The Problem With GRC in 2026

Most risk managers spend the majority of their time on work that does not require their expertise.

Chasing evidence from the first line. Compiling reports manually. Following up on overdue actions. Reconstructing the same control documentation every audit cycle. According to research from Gartner, risk and compliance teams spend up to 40% of their time on manual data collection and reporting tasks, time that could be redirected to strategic risk analysis and stakeholder engagement.

This is not a people problem - it is a structural one. And the structure is reaching its limits.

This blog recaps the webinar On-demand: GRC in 2030. Why spreadsheets and periodic compliance won’t survive AI that Joachim Jonkers (CPO, CERRIX) shared last week.
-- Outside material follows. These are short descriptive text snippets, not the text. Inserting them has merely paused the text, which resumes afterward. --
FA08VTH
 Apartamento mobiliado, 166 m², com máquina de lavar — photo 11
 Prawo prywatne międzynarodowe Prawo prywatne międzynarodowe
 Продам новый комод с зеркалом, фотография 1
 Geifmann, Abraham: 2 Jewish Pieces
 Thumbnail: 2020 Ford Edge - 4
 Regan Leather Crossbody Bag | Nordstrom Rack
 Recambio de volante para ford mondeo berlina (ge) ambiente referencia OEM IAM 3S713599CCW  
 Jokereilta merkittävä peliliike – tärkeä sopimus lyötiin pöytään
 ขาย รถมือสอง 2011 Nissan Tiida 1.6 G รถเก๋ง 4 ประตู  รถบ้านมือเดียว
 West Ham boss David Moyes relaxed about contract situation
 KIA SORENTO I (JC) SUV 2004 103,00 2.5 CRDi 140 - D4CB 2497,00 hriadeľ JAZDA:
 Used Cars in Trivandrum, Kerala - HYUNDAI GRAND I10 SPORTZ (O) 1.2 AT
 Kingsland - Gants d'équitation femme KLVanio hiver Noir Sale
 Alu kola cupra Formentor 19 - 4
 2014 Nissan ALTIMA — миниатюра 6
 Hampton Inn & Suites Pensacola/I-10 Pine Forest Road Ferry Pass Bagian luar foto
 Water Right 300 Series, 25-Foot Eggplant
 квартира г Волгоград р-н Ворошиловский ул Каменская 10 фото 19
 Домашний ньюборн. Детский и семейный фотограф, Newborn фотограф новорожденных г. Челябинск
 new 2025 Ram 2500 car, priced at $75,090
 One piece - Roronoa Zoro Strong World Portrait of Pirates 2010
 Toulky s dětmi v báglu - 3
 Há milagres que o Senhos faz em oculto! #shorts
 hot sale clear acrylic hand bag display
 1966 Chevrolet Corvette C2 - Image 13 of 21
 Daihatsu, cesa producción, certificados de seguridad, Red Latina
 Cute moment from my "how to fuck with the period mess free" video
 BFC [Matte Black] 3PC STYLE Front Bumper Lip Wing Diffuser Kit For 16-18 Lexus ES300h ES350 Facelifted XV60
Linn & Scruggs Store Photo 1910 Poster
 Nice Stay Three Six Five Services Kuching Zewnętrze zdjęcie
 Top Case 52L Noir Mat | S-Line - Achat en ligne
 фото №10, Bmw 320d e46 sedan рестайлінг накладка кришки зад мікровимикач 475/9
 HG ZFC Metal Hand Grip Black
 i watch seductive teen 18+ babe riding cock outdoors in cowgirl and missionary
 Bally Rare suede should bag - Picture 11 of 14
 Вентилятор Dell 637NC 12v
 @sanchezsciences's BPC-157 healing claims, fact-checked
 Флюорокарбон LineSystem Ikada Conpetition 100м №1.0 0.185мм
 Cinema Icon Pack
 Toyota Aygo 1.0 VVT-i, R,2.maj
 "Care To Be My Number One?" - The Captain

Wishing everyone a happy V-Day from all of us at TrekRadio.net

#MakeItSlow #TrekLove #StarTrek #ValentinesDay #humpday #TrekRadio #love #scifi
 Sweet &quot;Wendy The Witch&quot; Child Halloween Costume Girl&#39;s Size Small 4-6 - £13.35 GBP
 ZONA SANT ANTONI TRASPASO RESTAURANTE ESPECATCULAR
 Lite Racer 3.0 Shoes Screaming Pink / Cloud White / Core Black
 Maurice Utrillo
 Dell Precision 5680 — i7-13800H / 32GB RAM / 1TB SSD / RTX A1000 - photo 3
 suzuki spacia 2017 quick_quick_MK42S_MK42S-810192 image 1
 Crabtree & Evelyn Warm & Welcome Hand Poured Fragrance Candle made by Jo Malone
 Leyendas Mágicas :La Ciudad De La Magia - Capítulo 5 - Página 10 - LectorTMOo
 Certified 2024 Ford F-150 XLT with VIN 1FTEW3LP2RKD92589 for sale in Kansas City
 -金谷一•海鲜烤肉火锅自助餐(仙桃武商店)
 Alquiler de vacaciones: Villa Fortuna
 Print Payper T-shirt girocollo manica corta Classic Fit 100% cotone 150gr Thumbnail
Why the Traditional GRC Operating Model Is Failing

The GRC operating model that most organizations rely on today was designed for a slower, simpler environment. It was not designed for DORA, NIS2, the EU AI Act, or CSRD, each of which demands continuous oversight rather than annual attestation.

Four structural weaknesses define the current model:

- Periodic assessments. Risk is reviewed once or twice a year. Between those reviews, the organization is flying blind. A new threat that emerges in February may not be formally assessed until Q4. By then, the opportunity to act has passed.

- Manual evidence collection. Evidence is gathered by chasing colleagues, copying files between systems, and re-entering data that already exists in source systems. This is not just inefficient, it is also unreliable. Evidence submitted weeks after the fact is not evidence of control effectiveness. It is evidence of administrative compliance.

- Fragmented tooling. Excel registers, SharePoint folders, disconnected point solutions, email threads. No single source of truth. No real-time visibility. No way to identify patterns or anomalies across the full control environment.

- Accelerating regulation. The pace of new regulatory requirements across the EU has increased sharply since 2022. Financial institutions in particular are now managing obligations under DORA, NIS2, MiCA, CSRD, and the EU AI Act simultaneously, each with its own reporting timelines, evidence requirements, and control expectations.

The result is what Joachim Jonkers, Chief Product Officer at CERRIX, describes as a growing credibility gap: "The gap between what organizations are expected to demonstrate and what their current operating model can actually deliver keeps growing. Manual processes and siloed reporting are not just inefficient. They are structurally inadequate for the pace of modern risk and compliance."

What Is Intelligent GRC?

Intelligent GRC is the integration of automation and AI into governance, risk, and compliance processes to enable real-time risk monitoring, automated evidence collection, and predictive risk insights, replacing periodic, manual operating models with continuous, data-driven ones.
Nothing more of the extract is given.